Interestingly, Kimmel challenged the new-age marketing concepts that have dominated the industry in recent years, telling marketers in the room that they don’t have to be as passive as it seems. “Right now, your obligation is to make the most money for your company as quickly as you can,” he stated, matter-of-factly.
Though marketers may believe that leveraging new media and optimizing traditional media have reached some level of parity, Kimmel told the crowd that we're not there yet: The prevailing winds are still blowing offline, he said: Nearly 90 percent of advertising spend remains offline, and nearly 80 percent of marketing consumption still occurs there. In short, offline still carries significant impact -- especially television, which represents the top slice of that offline pie. And the offline behemoth even impacts the burgeoning online space, with 35 percent of online search driven by what people see on TV, according to Kimmel. Still, the game has changed: Even though the industry as a whole has become more conservative in its spending, the opportunity to leverage media has increased as air time and print costs have begun to drop.
Moreover, Kimmel added, while statistics say that consumers ignore many of the 5,000 messages that marketers pummel them with each day, not all advertising is irrelevant. “The idea that the only thing they’ll believe is their friends just isn’t true,” he said. Well-tailored messages that hit your target consumer are more than likely going to pique her interest.
Perhaps more reassuring to a marketer is to know that it’s “OK to ‘push’ a little,” Kimmel said. It's unrealistic to believe that the only acceptable practice is to wait for the customer, he added -- and what's more, marketers don’t have time to wait. “We have quarterly earnings to make, companies to save, families to feed,” he said.

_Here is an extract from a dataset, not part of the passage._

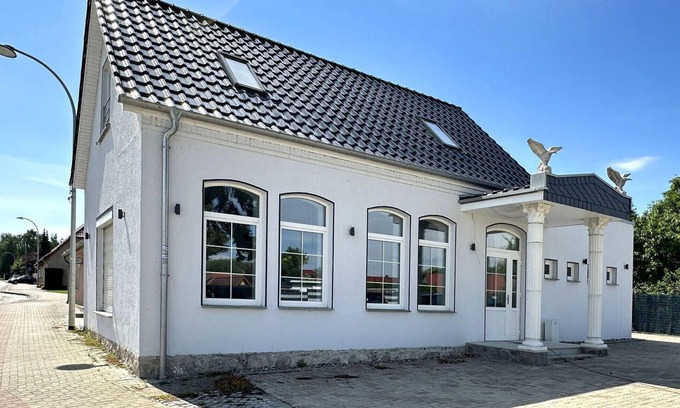 Muritz Apartment | Beautiful apartment in Klink with WiFi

Kimmel admitted that "push" marketing may seem controversial and counterintuitive, but as an example of how “push” leads to success, he cited the impressive sales of two quirky inventions: “Doggy Steps” (mini-stairs for dogs) and “Clever Clasp” (a magnetic jewelry connector), two items that thrived under "push" marketing campaigns because consumers, left to their own devices, might never have stumbled upon them.